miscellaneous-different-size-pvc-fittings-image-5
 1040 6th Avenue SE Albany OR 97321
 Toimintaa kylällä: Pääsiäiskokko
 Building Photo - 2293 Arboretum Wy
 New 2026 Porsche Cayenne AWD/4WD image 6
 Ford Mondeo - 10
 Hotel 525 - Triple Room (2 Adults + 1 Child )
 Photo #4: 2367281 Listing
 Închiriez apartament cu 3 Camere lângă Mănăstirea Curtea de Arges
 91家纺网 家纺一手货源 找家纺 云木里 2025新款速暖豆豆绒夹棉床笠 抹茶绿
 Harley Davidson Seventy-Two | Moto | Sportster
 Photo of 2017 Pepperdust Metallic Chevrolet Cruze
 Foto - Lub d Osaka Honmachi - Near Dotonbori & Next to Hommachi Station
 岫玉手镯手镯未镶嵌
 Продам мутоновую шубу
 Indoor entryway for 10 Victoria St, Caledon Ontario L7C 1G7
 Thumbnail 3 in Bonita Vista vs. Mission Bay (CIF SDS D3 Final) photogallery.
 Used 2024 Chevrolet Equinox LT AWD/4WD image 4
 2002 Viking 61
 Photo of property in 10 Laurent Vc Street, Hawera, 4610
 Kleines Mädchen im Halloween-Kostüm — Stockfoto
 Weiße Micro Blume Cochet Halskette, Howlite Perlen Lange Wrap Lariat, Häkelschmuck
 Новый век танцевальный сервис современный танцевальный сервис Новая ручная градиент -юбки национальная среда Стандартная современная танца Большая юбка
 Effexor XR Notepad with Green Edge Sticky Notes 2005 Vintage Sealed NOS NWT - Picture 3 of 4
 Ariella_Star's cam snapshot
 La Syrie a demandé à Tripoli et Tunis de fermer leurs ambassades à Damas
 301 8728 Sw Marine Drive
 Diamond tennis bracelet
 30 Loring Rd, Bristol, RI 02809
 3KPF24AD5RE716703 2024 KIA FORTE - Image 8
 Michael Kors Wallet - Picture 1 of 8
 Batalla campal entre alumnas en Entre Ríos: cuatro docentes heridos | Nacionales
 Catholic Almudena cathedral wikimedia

•••

BRIEF:
Write out only those lines that fall between the one containing "La Syrie a demandé" and the end of the entries, the first and last included, exactly as they read.

PROBLEM SOLUTION:
 La Syrie a demandé à Tripoli et Tunis de fermer leurs ambassades à Damas
 301 8728 Sw Marine Drive
 Diamond tennis bracelet
 30 Loring Rd, Bristol, RI 02809
 3KPF24AD5RE716703 2024 KIA FORTE - Image 8
 Michael Kors Wallet - Picture 1 of 8
 Batalla campal entre alumnas en Entre Ríos: cuatro docentes heridos | Nacionales
 Catholic Almudena cathedral wikimedia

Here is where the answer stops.